--- START ---

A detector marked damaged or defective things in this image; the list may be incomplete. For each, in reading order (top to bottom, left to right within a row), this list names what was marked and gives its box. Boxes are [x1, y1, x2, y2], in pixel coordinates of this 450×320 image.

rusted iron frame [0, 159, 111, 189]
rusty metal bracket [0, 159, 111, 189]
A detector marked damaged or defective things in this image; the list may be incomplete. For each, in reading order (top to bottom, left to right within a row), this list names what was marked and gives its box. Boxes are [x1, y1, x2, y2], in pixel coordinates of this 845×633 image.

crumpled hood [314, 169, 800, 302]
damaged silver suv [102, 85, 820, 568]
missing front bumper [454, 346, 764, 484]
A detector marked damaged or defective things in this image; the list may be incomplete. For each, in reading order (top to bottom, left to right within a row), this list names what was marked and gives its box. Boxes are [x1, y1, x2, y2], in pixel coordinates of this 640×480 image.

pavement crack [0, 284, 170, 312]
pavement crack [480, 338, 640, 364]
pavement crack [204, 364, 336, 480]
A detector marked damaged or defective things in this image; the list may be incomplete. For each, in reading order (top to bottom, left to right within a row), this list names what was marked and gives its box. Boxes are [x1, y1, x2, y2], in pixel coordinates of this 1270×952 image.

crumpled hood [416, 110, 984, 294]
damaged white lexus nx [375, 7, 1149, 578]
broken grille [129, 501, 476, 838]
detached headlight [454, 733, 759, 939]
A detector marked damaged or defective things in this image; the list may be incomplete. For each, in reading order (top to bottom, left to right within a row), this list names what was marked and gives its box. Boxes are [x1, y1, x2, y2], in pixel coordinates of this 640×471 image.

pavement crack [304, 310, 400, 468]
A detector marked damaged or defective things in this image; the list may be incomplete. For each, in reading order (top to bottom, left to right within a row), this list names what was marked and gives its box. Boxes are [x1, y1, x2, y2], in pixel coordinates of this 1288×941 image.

--- END ---

- [Exercise requirements]
Reply with exactly the lines above from the one that contains "this 1270×952 image." through the final line of the material, and with nothing else.

- [Exercise answer]
A detector marked damaged or defective things in this image; the list may be incomplete. For each, in reading order (top to bottom, left to right within a row), this list names what was marked and gives its box. Boxes are [x1, y1, x2, y2], in pixel coordinates of this 1270×952 image.

crumpled hood [416, 110, 984, 294]
damaged white lexus nx [375, 7, 1149, 578]
broken grille [129, 501, 476, 838]
detached headlight [454, 733, 759, 939]
A detector marked damaged or defective things in this image; the list may be incomplete. For each, in reading order (top to bottom, left to right within a row), this list names what was marked and gives its box. Boxes are [x1, y1, x2, y2], in pixel coordinates of this 640×471 image.

pavement crack [304, 310, 400, 468]
A detector marked damaged or defective things in this image; the list may be incomplete. For each, in reading order (top to bottom, left to right within a row), this list names what was marked and gives its box. Boxes are [x1, y1, x2, y2], in pixel coordinates of this 1288×941 image.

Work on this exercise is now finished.